Last night, Julia and I sat down to do a pretty formal family tree. Once again, I gritted my teeth. This is a tree that has no room for the people in our lives, only for the genetic ancestors of David and myself. There is no space for other children or sibling, let alone our beloved friends who are more family than those who are genetically linked. At times, it seems like family ancestry is another “R” and required labor each and every school year so that a child who does not know their formal “family” will never be allowed to forget the fact.
However, Julia took on the challenge with gusto, prodding me about the spelling and pronunciation of each name. She took in the Sarvetnick’s and the Zlobicki’s and the Batt’s and Krauchuk’s and the Levine’s and the Reszitnyk’s never once complaining about long, impossible to spell names. These are her family names and although I might be reading into her steadfast application to the task, I felt her respect, as if she would have no problem setting up an ancestor shrine like the one in the movie Mulan, especially if she could put in a little dragon or dinosaur. I asked her and she had no trouble agreeing to put the names “China Mother” and “China Father” next to David’s and my name but my heart hurts for the other family who will never have the gift of Julia’s honor and respect. And it is something that is not within my power to give her.
I send them my grateful heart for my Julia, but I do wish that we could take them into our family.
I had my second MBSR (Meditation Based Stress Reduction) class today. I was a very bad student all this past week. I did not read the suggested reading, did not fill in my meditation log and did not even do the informal practice that I had been assigned. I have been unwilling to fully enter into this experience even thought I committed to it after so much considering and deliberating. I should not punish myself or feel guilty -- that is so much against what they are trying to teach me. I should not even regret. Instead, I should be returning to my commitment anew again and again. Perhaps this considering and re-dedication is my first informal practice.
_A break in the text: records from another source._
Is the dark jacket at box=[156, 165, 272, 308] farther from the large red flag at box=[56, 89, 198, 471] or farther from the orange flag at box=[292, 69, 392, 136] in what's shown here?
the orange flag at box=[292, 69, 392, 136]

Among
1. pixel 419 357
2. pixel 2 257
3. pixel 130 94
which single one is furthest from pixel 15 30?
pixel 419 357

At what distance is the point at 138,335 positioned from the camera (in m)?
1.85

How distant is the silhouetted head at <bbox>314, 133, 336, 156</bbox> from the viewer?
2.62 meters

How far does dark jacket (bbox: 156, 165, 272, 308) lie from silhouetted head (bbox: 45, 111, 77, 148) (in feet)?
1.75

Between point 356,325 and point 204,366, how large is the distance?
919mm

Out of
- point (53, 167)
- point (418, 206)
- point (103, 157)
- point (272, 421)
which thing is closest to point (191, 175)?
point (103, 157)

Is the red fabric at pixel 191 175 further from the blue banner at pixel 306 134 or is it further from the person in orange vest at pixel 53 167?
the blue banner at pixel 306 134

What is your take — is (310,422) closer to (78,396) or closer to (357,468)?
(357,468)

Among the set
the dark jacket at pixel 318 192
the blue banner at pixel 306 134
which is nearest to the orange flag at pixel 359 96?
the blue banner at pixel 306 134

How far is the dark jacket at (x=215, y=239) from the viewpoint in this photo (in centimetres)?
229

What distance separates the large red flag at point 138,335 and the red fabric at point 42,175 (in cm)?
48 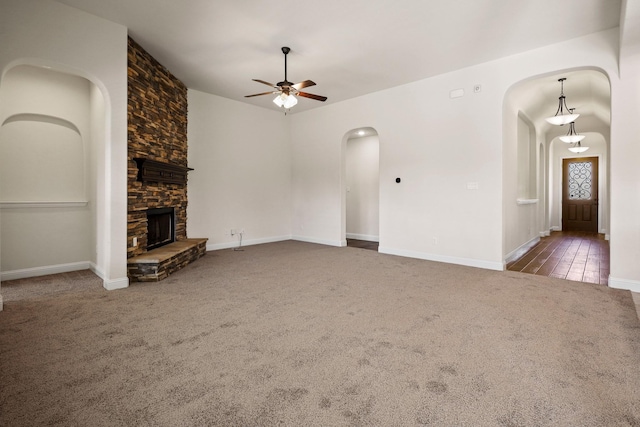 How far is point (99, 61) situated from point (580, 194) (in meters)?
12.4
This school year is winding down for me. I have another two assignments to finish, but little else. Nothing is settled for next semester and at present, I feel only the need for some space and time. I need vacation. It is not that the work is so much stress and strain but that I am still cannot see how doing what I am doing now will lead me to what I want to do. Whenever I go down that road of thinking, I think that I must be judged incredibly foolish to go begging for work that is only a dream in a place that wants evidence based practice and lettered leaders. But fortunately the MBSR word of the week is “non-striving” and if I use it as a guide, I should be drawn back into the present and follow what my heart knows is correct and appropriate. This is not easy for me. My mind darts to future and past; how difficult to sit in the present. How difficult to wait and trust that what is to come will unfold in its own time, not in mine.
One of the final tasks of the year is to chart my progress through the goals that I set in my Individualized Leadership Development Plan. I cannot make myself sit with it long enough to do another edit -- I am not sure that what I have done is directly related to my proposed goals and I have no clear vision of what I will take on next year and how it will move my toward my large goals. And I wonder how much this paragraph related to the last? It is not that I am unwilling or unable to work hard. I am impatient to know what to do and how it will relate to larger goals, but I do seem to be mired in the present and assigned to let what is to come unfold without foreknowledge.
I feel like that there is an answer here that blows past me. I am not very good at hints and clues.